The dfridr plot at X=0.625, Z=0 now looks like this:
iTerm2 gskssA kap_plotter

If we add in some metallicity that is between tabulation points, the plot for X=0.625, Z=5e-4 looks somewhat worse:
iTerm2 yv3rvE cubic

So we still want to investigate where these residual bad stripes are coming from, but even this is substantially better than what things looked like previously.
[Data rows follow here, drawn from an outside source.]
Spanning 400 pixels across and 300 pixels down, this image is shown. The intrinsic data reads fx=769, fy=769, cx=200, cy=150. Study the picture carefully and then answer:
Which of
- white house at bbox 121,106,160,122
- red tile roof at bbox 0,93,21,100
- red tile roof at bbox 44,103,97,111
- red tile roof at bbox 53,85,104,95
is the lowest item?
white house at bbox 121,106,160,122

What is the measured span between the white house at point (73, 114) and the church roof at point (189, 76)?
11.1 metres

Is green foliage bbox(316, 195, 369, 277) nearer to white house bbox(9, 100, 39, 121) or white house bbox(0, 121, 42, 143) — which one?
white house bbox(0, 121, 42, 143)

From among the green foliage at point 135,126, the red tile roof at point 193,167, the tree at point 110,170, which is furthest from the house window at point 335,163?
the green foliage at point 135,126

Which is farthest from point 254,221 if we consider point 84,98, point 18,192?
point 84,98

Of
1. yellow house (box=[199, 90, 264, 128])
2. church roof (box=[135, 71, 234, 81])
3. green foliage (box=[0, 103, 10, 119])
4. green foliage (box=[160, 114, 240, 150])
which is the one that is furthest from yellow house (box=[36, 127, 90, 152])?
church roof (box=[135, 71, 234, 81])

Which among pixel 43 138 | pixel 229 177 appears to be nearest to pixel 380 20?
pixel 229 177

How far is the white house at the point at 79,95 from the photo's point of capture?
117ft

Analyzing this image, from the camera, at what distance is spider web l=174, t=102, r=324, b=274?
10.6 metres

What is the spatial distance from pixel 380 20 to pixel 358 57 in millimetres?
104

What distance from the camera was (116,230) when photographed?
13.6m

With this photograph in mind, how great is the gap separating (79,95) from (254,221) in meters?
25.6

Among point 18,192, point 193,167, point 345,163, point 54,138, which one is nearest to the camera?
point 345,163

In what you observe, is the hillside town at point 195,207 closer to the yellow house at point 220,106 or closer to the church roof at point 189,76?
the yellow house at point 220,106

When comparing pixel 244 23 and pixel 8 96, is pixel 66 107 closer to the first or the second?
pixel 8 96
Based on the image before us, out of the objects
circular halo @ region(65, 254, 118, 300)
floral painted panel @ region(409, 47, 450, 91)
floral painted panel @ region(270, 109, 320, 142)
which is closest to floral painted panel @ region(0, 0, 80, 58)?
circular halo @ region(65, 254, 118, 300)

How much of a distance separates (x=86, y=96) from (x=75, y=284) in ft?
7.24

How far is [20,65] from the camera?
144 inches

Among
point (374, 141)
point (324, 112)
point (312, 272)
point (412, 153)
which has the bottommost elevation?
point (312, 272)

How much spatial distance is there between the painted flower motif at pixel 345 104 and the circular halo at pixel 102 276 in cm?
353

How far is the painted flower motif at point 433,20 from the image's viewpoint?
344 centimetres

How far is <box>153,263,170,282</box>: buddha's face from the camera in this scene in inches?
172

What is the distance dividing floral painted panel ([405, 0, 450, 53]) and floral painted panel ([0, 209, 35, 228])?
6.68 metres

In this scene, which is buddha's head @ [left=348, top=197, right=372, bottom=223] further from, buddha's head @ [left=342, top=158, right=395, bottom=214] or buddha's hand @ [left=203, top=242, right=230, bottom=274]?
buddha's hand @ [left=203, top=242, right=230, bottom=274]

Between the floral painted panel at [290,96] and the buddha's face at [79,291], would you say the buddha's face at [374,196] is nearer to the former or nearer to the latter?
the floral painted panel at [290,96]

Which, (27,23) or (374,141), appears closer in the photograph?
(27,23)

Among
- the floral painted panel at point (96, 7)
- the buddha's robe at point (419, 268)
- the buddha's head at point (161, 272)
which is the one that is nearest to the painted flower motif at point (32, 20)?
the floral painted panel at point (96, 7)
Zooming in on the area with the stripes shows that these bad derivatives occur right along lines of constant logT and logR corresponding to grid points in the underlying opacity tabulations.
iTerm2 MPzYyv kap_plotter

I think the dfridr badness is actually mostly an artifact of the fact that the underlying derivatives have discontinuities across grid points, which perhaps shouldn't be shocking. Here's a zoom in on the structure of the logT derivative when doing cubic composition interpolation (with autodiff):
iTerm2 ewoC2l dlogT_cubic

And for comparison here's the derivative when doing linear composition interpolation:
iTerm2 e8vWIS dlogT_linear

This might improve if we allowed the composition interpolation to use something other than the "piecewise monotonic" cubic interpolation routines. Could we relax that so that we maybe get less discontinuities in the derivatives of the interpolants?
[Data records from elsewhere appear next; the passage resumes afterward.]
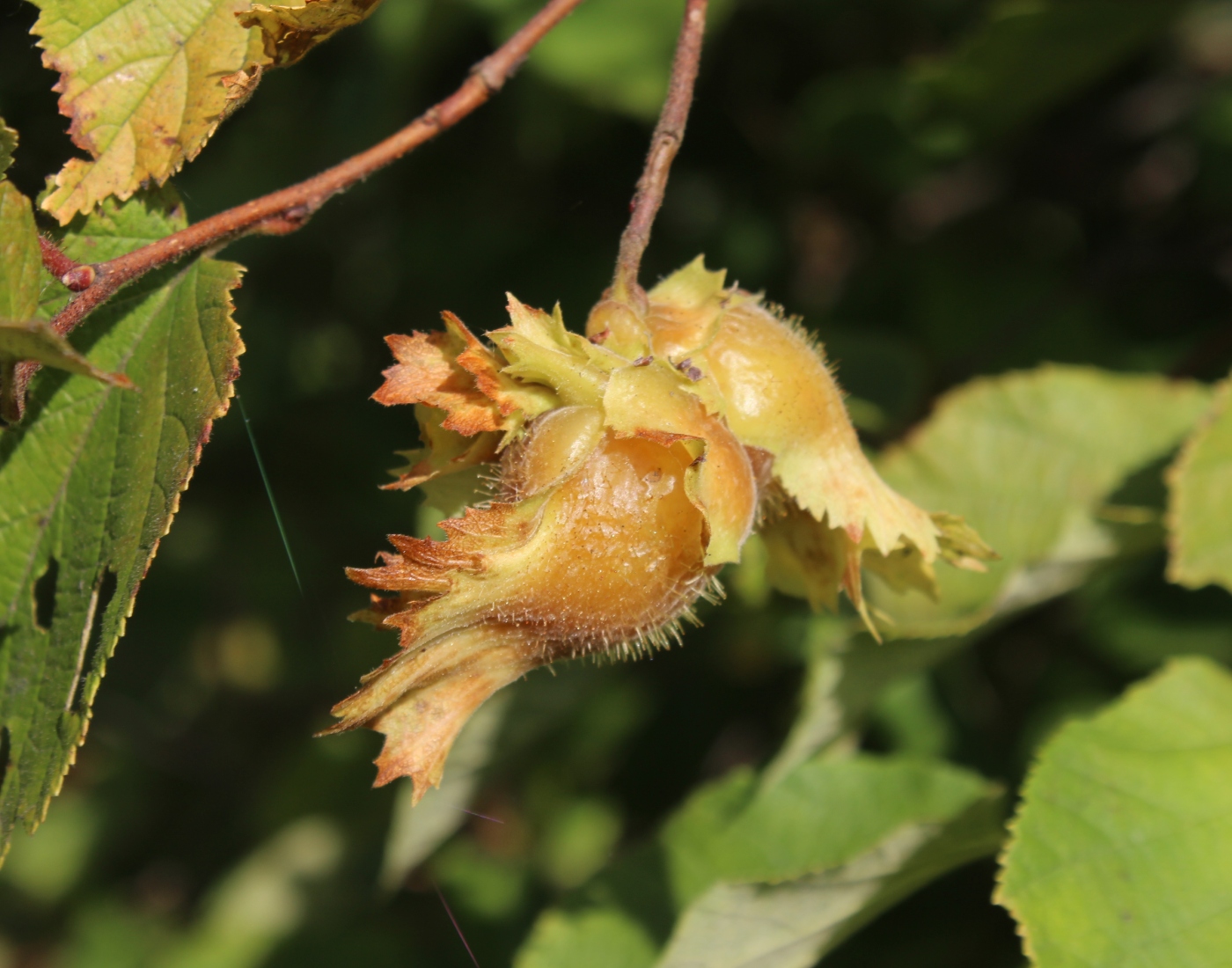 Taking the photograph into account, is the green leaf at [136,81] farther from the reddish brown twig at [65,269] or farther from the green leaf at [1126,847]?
the green leaf at [1126,847]

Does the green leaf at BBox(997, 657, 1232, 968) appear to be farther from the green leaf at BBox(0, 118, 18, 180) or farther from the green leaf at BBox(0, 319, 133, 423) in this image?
the green leaf at BBox(0, 118, 18, 180)

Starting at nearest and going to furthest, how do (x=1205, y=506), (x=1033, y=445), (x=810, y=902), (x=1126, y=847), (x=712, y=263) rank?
1. (x=1126, y=847)
2. (x=810, y=902)
3. (x=1205, y=506)
4. (x=1033, y=445)
5. (x=712, y=263)

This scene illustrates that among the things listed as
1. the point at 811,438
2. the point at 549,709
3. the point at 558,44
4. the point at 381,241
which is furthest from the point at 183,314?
the point at 381,241

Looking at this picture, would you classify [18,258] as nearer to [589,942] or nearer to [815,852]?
[589,942]

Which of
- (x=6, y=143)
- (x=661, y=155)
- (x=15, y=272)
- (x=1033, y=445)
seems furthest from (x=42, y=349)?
(x=1033, y=445)

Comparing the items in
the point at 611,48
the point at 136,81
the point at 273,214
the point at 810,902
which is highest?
the point at 611,48

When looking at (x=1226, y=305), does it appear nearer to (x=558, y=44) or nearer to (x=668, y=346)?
(x=558, y=44)

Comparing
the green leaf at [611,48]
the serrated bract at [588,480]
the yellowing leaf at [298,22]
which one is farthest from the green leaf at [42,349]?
the green leaf at [611,48] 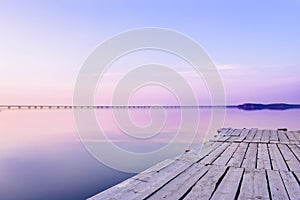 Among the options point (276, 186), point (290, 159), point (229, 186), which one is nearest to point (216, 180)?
point (229, 186)

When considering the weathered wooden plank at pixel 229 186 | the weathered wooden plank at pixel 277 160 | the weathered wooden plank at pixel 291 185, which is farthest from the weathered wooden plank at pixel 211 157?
the weathered wooden plank at pixel 291 185

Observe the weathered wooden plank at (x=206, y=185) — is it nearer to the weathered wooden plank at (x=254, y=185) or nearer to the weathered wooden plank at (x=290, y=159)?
the weathered wooden plank at (x=254, y=185)

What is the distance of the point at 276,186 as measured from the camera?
8.78 feet

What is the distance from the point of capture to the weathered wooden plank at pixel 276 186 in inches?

Or should we declare victory and say that the quality of these derivatives is good enough?

@fxt44 do you have any thoughts?

as long as this effort is in experimental mode, maybe do the experiment of trying a different cubic. even if it ends up doing little in this opacity case, it might be informative for other cubic interpolation use cases.
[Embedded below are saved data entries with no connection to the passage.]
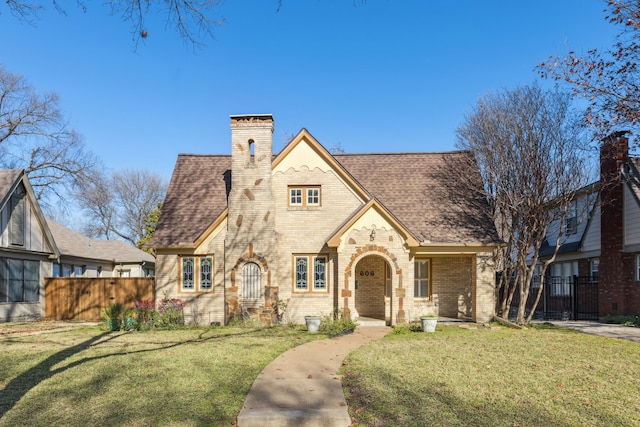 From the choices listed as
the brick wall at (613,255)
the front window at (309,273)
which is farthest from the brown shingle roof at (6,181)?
the brick wall at (613,255)

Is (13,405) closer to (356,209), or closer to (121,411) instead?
(121,411)

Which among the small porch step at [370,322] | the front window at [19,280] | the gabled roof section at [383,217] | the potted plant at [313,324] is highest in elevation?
the gabled roof section at [383,217]

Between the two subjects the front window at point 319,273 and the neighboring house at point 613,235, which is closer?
the front window at point 319,273

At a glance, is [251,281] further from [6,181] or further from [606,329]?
[606,329]

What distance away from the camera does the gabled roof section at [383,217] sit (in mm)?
16750

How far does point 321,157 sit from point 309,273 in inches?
177

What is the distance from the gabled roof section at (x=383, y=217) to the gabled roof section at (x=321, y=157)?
1.21 meters

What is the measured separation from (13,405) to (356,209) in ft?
42.2

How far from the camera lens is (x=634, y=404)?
7.28m

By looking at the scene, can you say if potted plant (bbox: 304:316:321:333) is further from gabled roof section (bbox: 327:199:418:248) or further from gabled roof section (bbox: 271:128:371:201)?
gabled roof section (bbox: 271:128:371:201)

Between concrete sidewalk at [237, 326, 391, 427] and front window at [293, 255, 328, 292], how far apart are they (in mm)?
5735

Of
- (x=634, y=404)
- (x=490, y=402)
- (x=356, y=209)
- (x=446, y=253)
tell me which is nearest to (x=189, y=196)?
(x=356, y=209)

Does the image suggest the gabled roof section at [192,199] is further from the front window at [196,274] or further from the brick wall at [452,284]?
the brick wall at [452,284]

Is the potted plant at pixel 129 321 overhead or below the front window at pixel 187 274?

Using the monotonicity preserving interpolation routines e.g. interp_mp -> interp_m3a, interp_m3b, interp_m3q in place of the peace-wise monotonic spline used to generate Evan's plots (interp_pm) from $MESA_DIR/interp_1d/public/interp_lib.f90

where a, q, b stand for the (average, quartic, and superbee limiters) MESA uses citing:
Huynh, H.T., "Accurate Monotone Cubic Interpolation", SIAM J Numer. Anal. (30) 1993, 57-100.
Suresh, A, and H.T. Huynh, "Accurate Monotonicity-Preserving Schemes with Runge-Kutta Time Stepping", JCP (136) 1997, 83-99.

I remade the same two (dfridr and dlogkapdlogT) plots for each.

m3a
dfridr_m3a

derivative_m3a
dfridr_m3a

m3b
dfridr_m3b
derivative_m3b

m3q

dfridr_m3q

derivative_m3q

These monotinicity presrvering routines don't seem to do much better in terms reducing discontinuities in the derivative of the interpolant.